Pendarahan dapat diatasi dengan pengosongan uterus dari sisa-sisa hasil
konsepsi dan jika perlu pemberian transfusi darah. Kematian karena pendarahan
dapat terjadi apabila pertolongan tidak diberikan pada waktunya.
2) Perforasi
Perforasi uterus pada kerokan dapat terjadi terutama pada uterus dalam posisi
hiperretrofleksi. Jika terjadi peristiwa ini penderita perlu diamati dengan teliti.
Jika ada tanda bahaya perlu segera dilakukan laparatomi dan tergantung dari
luas dan bentuk perforasi, penjahitan luka perforasi atau perlu histerektomi.
Perforasi uterus pada abortus yang dikerjakan oleh orang awam menimbulkan
persoalan gawat karena perlukaan uterus biasanya luas mungkin pula terjadi
perlukaan pada kandung kemih atau usus. Dengan adanya dugaan atau
kepastian terjadinya perforasi, laparatomi segera dilakukan untuk menentukan
luasnya cedera untuk selanjutnya mengambil tindakan-tindakan seperlunya
guna mengatasi komplikasi.
3) Infeksi dalam uterus dan adneksa
Biasanya ditemukan pada abortus inkomplit dan lebih sering pada abortus
buatan yang dikerjakan tanpa memperhatikan asepsis dan antisepsis.

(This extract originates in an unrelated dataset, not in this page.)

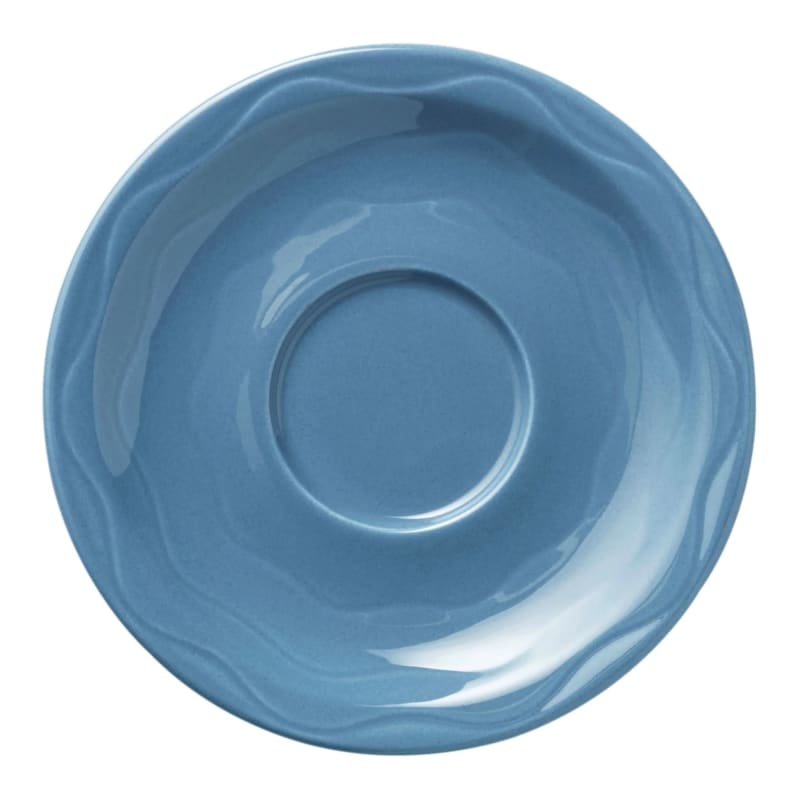 Libbey 903032201 Cantina 6 1/4" Blueberry Carved Porcelain Saucer - 12/Case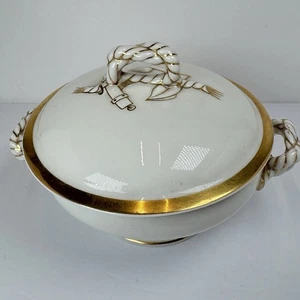 Antiguo plato cubierto Haviland Limoges Francia 1800 mango de cuerda borde dorado pequeño - Imagen 1 de 20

Infeksi
dalam uterus dan adneksa dapat terjadi dalam setiap abortus, tetapi biasanya di
dapatkan pada abortus inkomplit yang berkaitan erat dengan abortus yang tidak
aman (unsafe abortion).
4) Syok
Syok pada abortus bisa terjadi karena pendarahan (syok hemoragik) dan karena
infeksi perut (syok endoseptik).
Dampak Psikologis pada Pasien Abortus
Abortus iminens merupakan keguguran yang membakat dan akan terjadi dalam
hal ini keluarnya fetus masih dapat dicegah dengan memberikan obat-obat
hormonal dan anti pasmodica. Sekalipun abortus ini masih dapat dipertahankan
sebagian besar pasien dan keluarganya akan mengalami kecemasan yang
mengganggu sehingga menimbulkan kesedihan yang berkelanjutan. Pada 20%
kasus, kesedihan pasien dapat berlangsung berbulan-bulan.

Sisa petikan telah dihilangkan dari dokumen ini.